Once you have read the records below, print them again exactly as they stand.

☆ ☆ ☆

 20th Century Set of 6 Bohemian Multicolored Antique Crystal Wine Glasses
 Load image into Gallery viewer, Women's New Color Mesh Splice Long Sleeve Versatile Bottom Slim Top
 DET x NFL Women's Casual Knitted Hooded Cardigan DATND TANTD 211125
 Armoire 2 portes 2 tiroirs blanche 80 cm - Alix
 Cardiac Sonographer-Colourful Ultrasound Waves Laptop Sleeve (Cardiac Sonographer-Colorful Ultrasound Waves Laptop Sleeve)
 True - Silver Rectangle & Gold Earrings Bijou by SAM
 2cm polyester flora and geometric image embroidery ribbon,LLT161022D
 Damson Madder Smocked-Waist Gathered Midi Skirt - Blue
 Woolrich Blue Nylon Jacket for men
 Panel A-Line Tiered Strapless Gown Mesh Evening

☆ ☆ ☆

**Exercise result**
 20th Century Set of 6 Bohemian Multicolored Antique Crystal Wine Glasses
 Load image into Gallery viewer, Women's New Color Mesh Splice Long Sleeve Versatile Bottom Slim Top
 DET x NFL Women's Casual Knitted Hooded Cardigan DATND TANTD 211125
 Armoire 2 portes 2 tiroirs blanche 80 cm - Alix
 Cardiac Sonographer-Colourful Ultrasound Waves Laptop Sleeve (Cardiac Sonographer-Colorful Ultrasound Waves Laptop Sleeve)
 True - Silver Rectangle & Gold Earrings Bijou by SAM
 2cm polyester flora and geometric image embroidery ribbon,LLT161022D
 Damson Madder Smocked-Waist Gathered Midi Skirt - Blue
 Woolrich Blue Nylon Jacket for men
 Panel A-Line Tiered Strapless Gown Mesh Evening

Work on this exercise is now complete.